Staff at the two Sunshine Coast Community Services transition houses are members of BCGEU, representing approximately 15 of the group’s 100 employees.
“We’re here to have an uninterrupted 24-hour access service and that will continue through any kind of job action situation, if it does come to that,” advised executive director Vicki Dobbyn. “We’re hopeful that a fair settlement will be reached, but that also is out of our hands as well.”
The transition houses are considered essential services.
The union’s president, Darryl Walker, said employees had handed their bargaining association “the strong strike mandate it needs,” on July 23.
According to the union, general service membership voted 85 per cent in favour of strike action while members of community living services rang in at 90 per cent support.
The BCGEU said that negotiations between the government and its 15,000 community social services workers had broken down in early June.
The union claimed that its social services workers were “the lowest paid workers in the broad public sector.”
Social service workers are responsible for assisting community members with developmental or physical disabilities, in addition to working with women, children, families and First Nations.
The issues highlighted by the union included wages, benefits, sick leave and reimbursable expenses.
On July 23, CUPE BC issued a statement that was virtually identical to the BCGEU’s release, with the quotes swapped out for CUPE representatives.
Both called for a “fair and reasonable deal,” arguing that employee remuneration had fallen behind.

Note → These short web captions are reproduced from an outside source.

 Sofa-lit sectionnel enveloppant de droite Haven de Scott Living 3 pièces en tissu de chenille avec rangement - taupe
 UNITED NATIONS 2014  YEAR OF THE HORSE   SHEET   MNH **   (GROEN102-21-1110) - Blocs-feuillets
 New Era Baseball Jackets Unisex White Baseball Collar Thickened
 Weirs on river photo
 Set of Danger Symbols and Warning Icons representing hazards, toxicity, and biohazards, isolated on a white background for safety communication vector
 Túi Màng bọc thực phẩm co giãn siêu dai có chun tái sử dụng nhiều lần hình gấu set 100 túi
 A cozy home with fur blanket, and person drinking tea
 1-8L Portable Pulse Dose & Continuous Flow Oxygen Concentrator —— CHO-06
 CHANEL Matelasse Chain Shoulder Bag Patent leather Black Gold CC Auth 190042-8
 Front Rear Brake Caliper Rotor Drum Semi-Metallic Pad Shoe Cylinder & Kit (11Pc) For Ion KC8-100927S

Glen McClughan, executive director of the Sunshine Coast Association for Community Living, was also optimistic that the situation would be resolved without interruptions locally.
“Our essential service levels have been set. Depending on the length of the strike action, some of our excluded staff, including myself, will be performing some duties that would normally be bargaining unit work,” he explained. “I don’t think you’ll see much disruption of service. It will be very insignificant, I would hope.”
According to the BCGEU, an Aboriginal services bargaining committee was set to be meeting with employers “in the coming weeks.
“If no agreement can be reached, a strike vote for those members will likely follow,” their release added.
Unions representing 15,000 employees in the sector bargain through the Community Social Services Bargaining Association or CSSBA.
The Community Social Service Employers’ Association, or CSSEA, represents the province’s 220 social service agencies.